### EXERCISE PROMPT
Your answer must match, word for word, the lines from the one holding "Prada-Clothing Code: WC1329 $: 59USD" through the final line below, with pictures excluded.
────────────────────
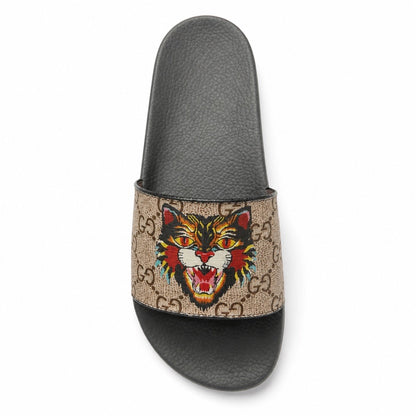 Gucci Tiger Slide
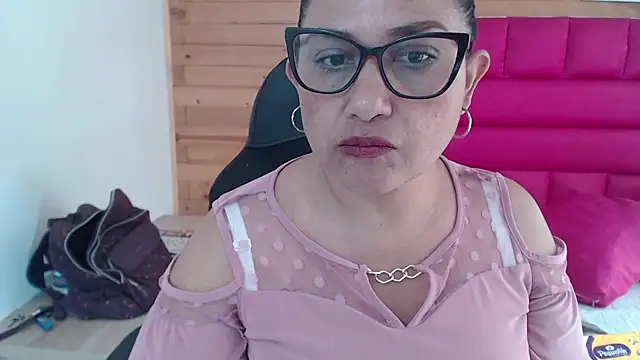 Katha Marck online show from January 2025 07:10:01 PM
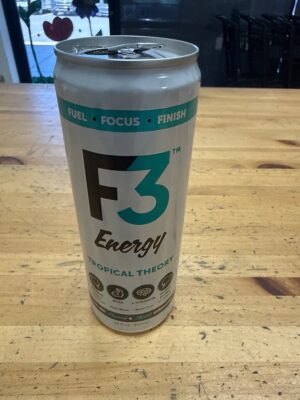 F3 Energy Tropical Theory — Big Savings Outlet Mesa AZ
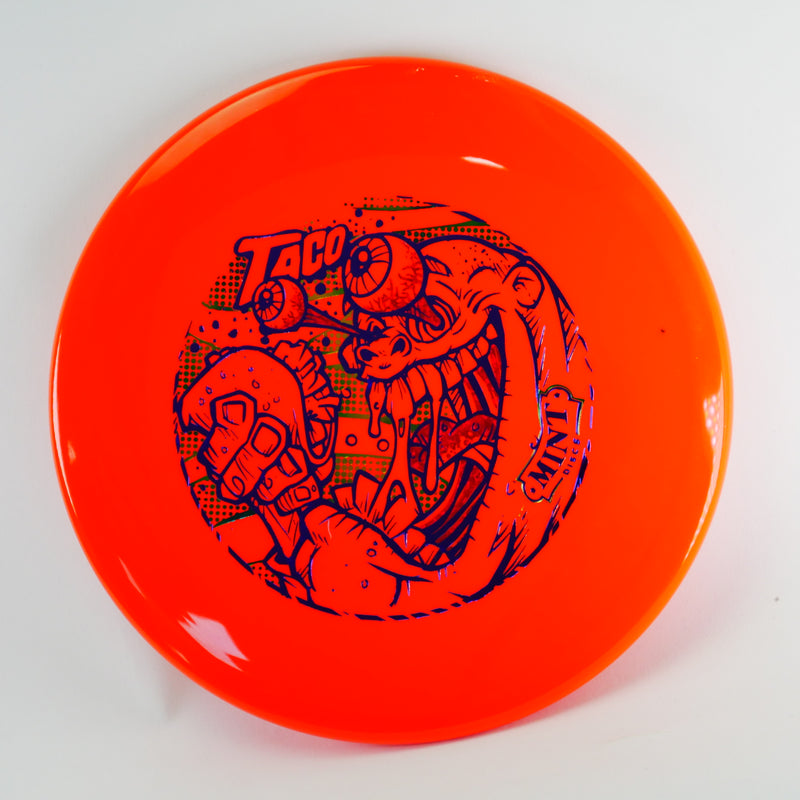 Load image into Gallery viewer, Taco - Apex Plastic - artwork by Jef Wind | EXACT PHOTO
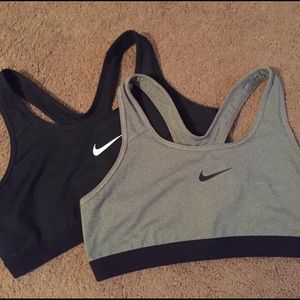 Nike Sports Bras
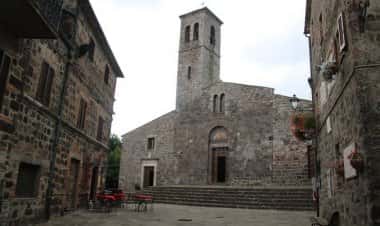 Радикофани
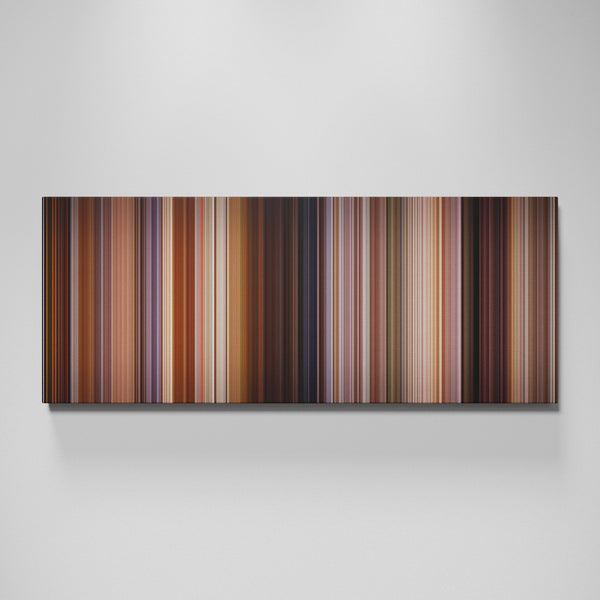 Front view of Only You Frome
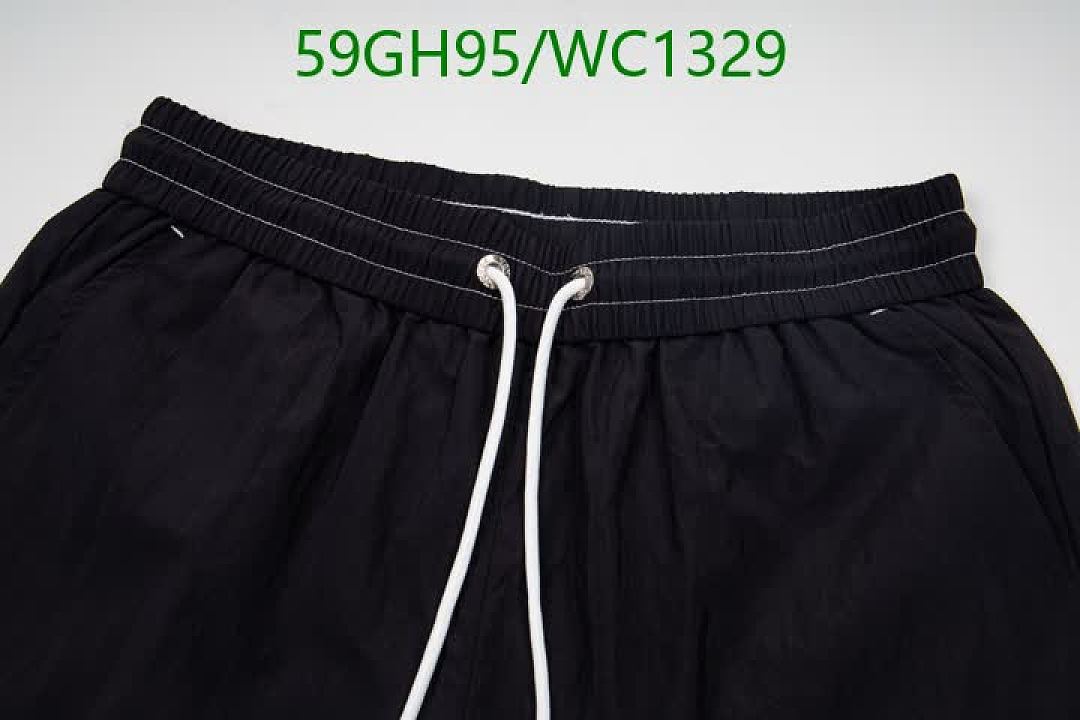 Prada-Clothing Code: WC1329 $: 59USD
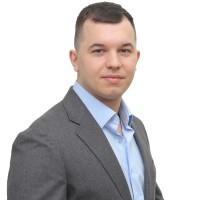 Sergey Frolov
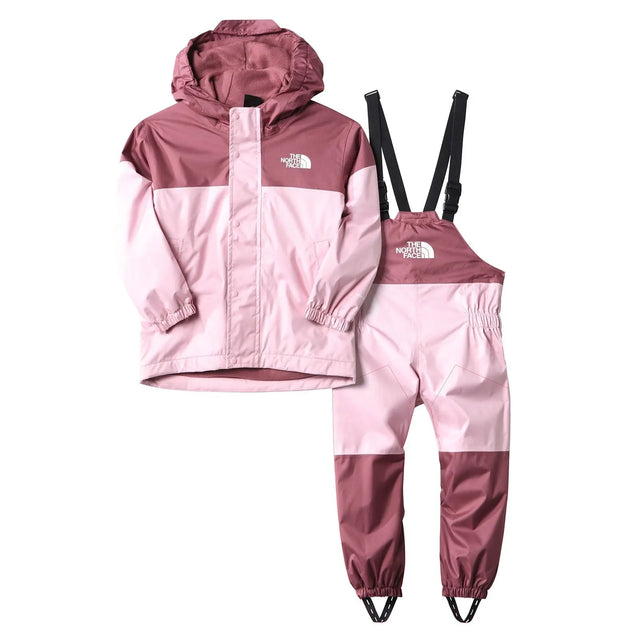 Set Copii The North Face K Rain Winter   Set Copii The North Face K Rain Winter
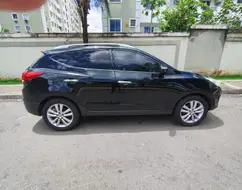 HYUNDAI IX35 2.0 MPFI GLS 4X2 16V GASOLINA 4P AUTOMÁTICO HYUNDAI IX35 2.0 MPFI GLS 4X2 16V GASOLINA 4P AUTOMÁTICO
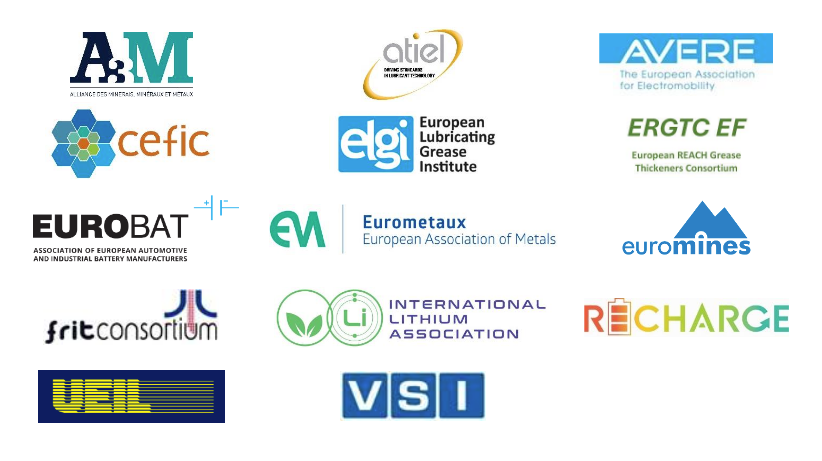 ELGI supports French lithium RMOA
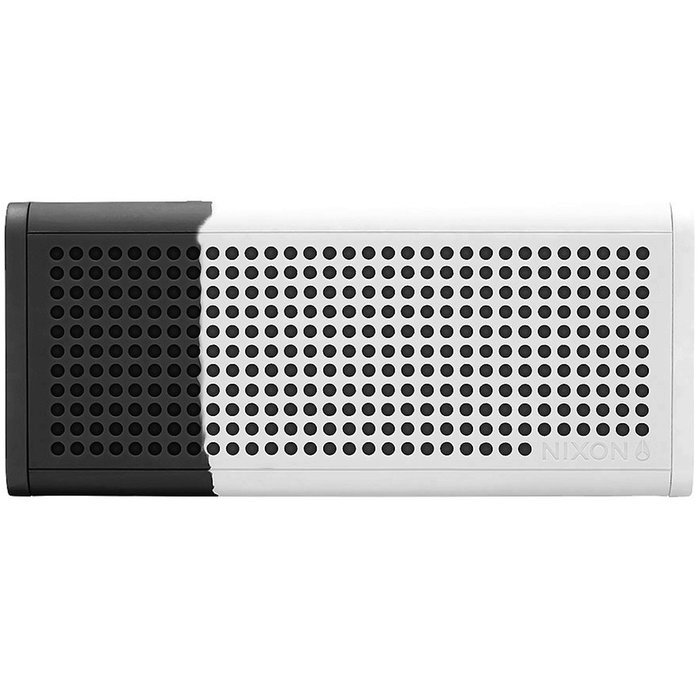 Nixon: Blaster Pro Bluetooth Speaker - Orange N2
────────────────────
### COMPLETED EXERCISE
 Prada-Clothing Code: WC1329 $: 59USD
 Sergey Frolov
 Set Copii The North Face K Rain Winter   Set Copii The North Face K Rain Winter
 HYUNDAI IX35 2.0 MPFI GLS 4X2 16V GASOLINA 4P AUTOMÁTICO HYUNDAI IX35 2.0 MPFI GLS 4X2 16V GASOLINA 4P AUTOMÁTICO
 ELGI supports French lithium RMOA
 Nixon: Blaster Pro Bluetooth Speaker - Orange N2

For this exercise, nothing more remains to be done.